You are an ichneumon wasp. You mated and your eggs are fertile. If you can’t see a caterpillar on which to lay your eggs, your young will starve. When the eggs hatch, the young will eat any body in which they find themselves, so if you don’t kill them by emitting them broadcast over the landscape, they’ll eat you alive. But if you let them drop over the fields you will probably be dead yourself, of old age, before they even hatch to starve, and the whole show will be over and done, and a wretched one it was. You feel them coming, and coming, and you struggle to rise….

Not that the ichneumon wasp is making any conscious choice. If she were, her dilemma would be truly the stuff of tragedy; Aeschylus need have looked no further than the ichneumon. That is, it would be the stuff of real tragedy if only Aeschylus and I could convince you that the ichneumon is really and truly as alive as we are, and that what happens to it matters. Will you take it on faith?
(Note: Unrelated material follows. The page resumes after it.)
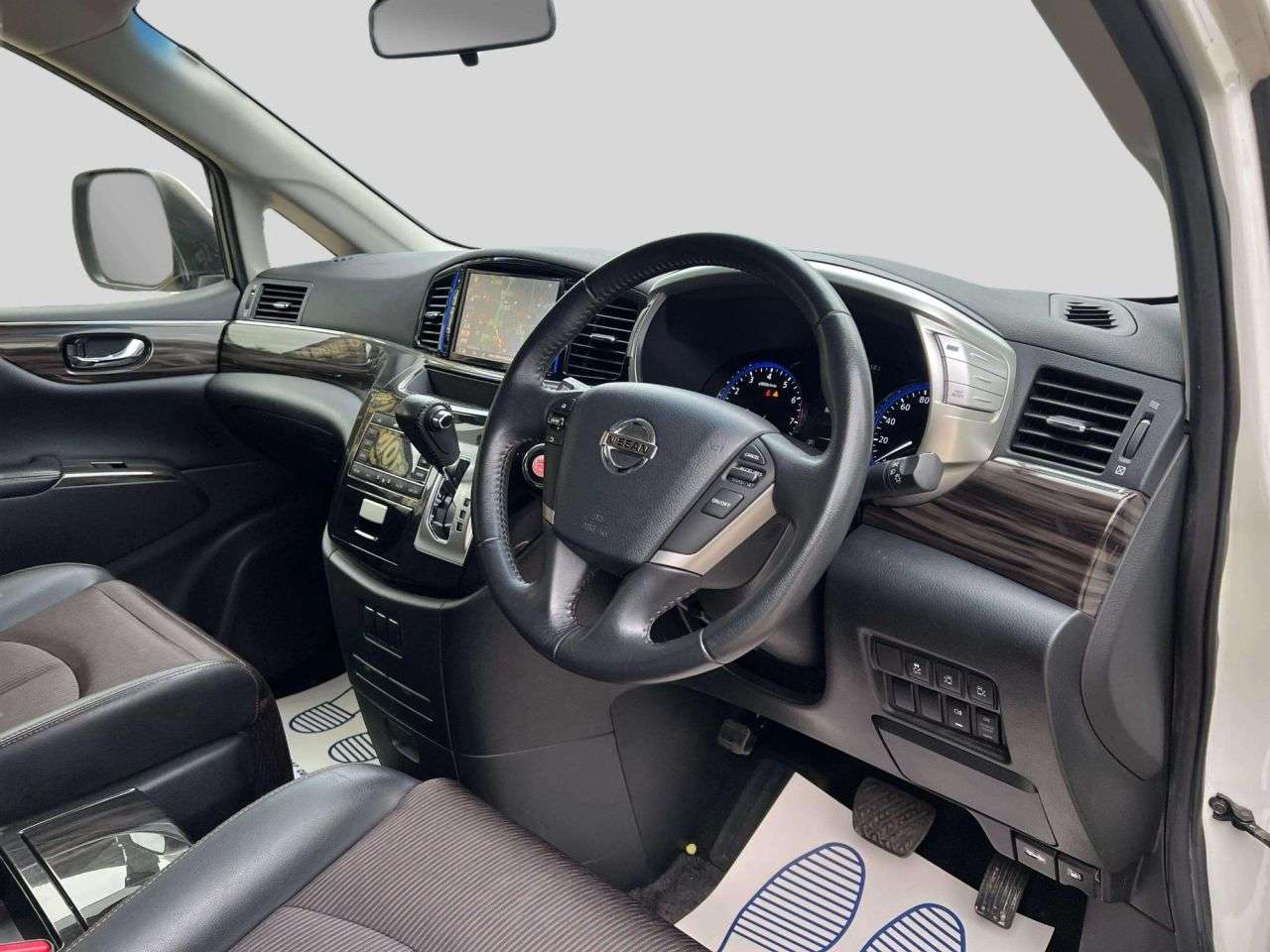 2017 NISSAN ELGRAND 2017 NISSAN ELGRAND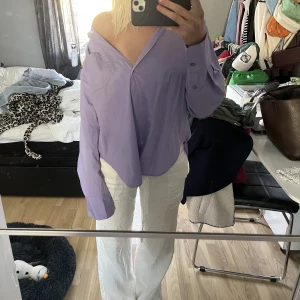 Skjorta  - En jättefin fin lila skjorta fårn Nelly som är aldrig använd me prislapp kvar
Here is one last story. It shows that the pressures of growth “gang aft a-gley.” The clothes moth, whose caterpillar eats wool, sometimes goes into a molting frenzy that Teale describes as “curious.” “A curious paradox in molting is the action of a clothes-moth larva with insufficient food. It sometimes goes into a ‘molting frenzy,’ changing its skin repeatedly and getting smaller and smaller with each change.” Smaller and smaller … can you imagine the frenzy? Where shall we send our sweaters? The diminution process could, in imagination, extend to infinity, as the creature frantically shrinks and shrinks and shrinks to the size of a molecule, then an electron, but never can shrink to absolute nothing and end its terrible hunger. I feel like Ezra: “And when I heard this thing, I rent my garment and my mantle, and plucked off the hair of my head and of my beard, and sat down astonied.”

* * * * *

I am not kidding anyone if I pretend that these awesome pressures to eat and breed are wholly mystifying. The million million barnacle larvae in a half-mile of shore water, the rivers of termite eggs, and the light-years of aphids ensure the living presence, in a scarcely concerned world, of ever more rock barnacles, termites, and aphids.

It’s chancy out there. Dog whelks eat rock barnacles, worms invade their shells, shore ice razes them from the rocks and grinds them to a powder. Can you lay aphid eggs faster than chickadees can eat them? Can you find a caterpillar, can you beat the killing frost?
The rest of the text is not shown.